WORK TO COMPLETE:
Could you output exactly the lines running from the one containing "I Just Can&#39;t Stop Dancing (Live)" to the final line of the listing below, leaving out pictures?
(EXERCISE INPUT Opens)
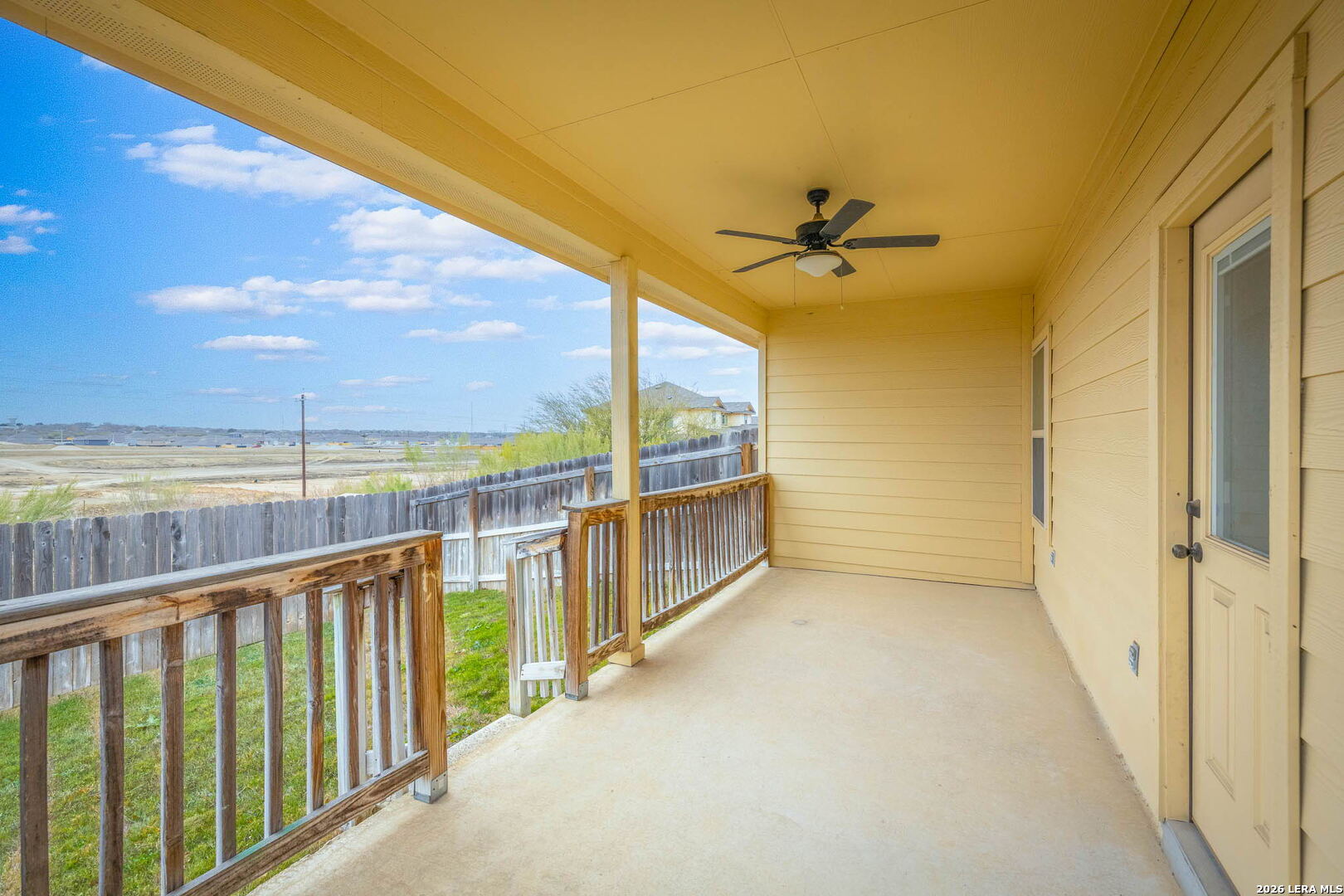 310 /312 Emma Drive New Braunfels TX 78130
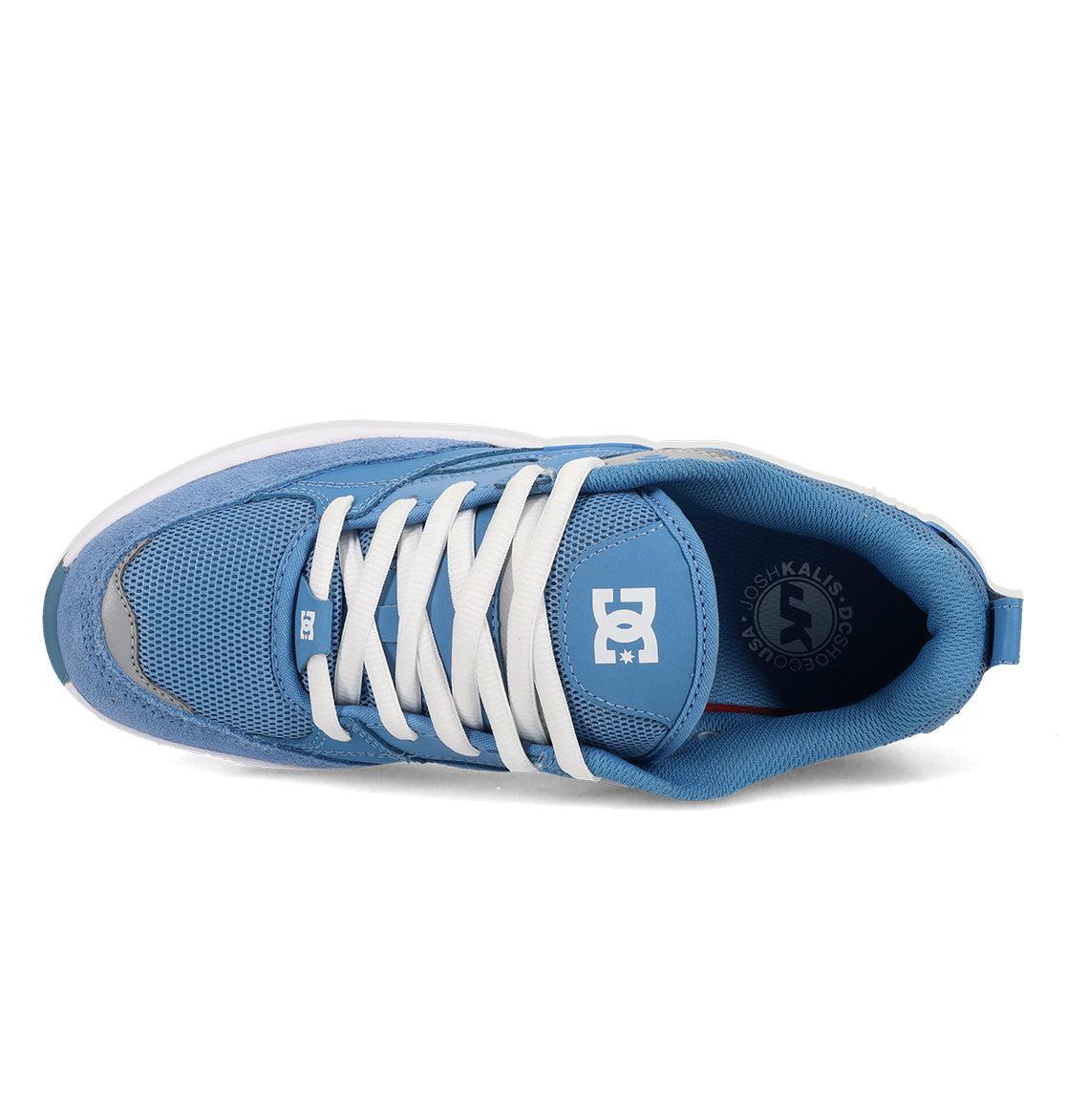 Men's Ascend S Skate Shoes Male Product Image
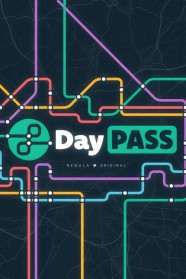 Watch Day Pass movies free BFlix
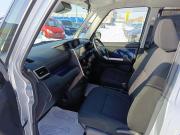 Toyota Roomy I Тюмень  - изображение 36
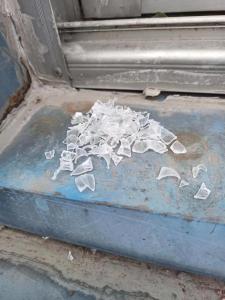 长期大量出售pet油瓶片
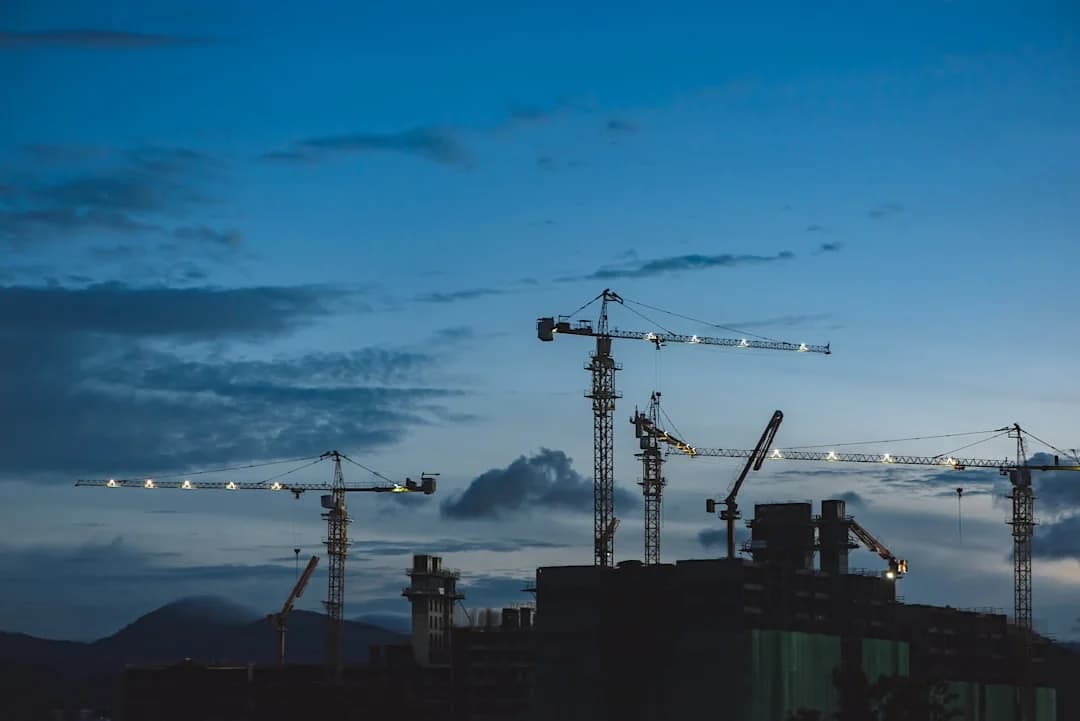 Cover Image for Climate-Adjusted-Portfolio-Construction-2026: Trends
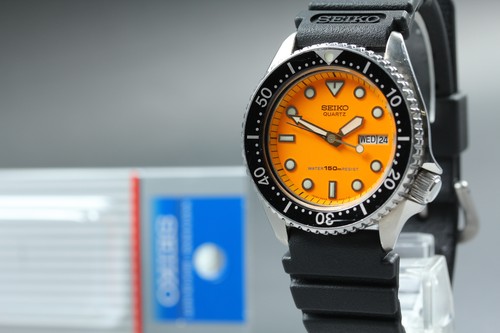 Quasi come nuovo orologio - come,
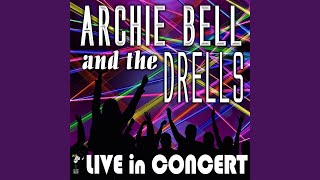 I Just Can&#39;t Stop Dancing (Live)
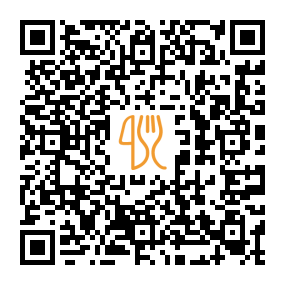 QR-code link către meniul Vegimo Yě Cài Shí Táng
(EXERCISE INPUT Closes)
RESPONSE TO THE TASK:
 I Just Can&#39;t Stop Dancing (Live)
 QR-code link către meniul Vegimo Yě Cài Shí Táng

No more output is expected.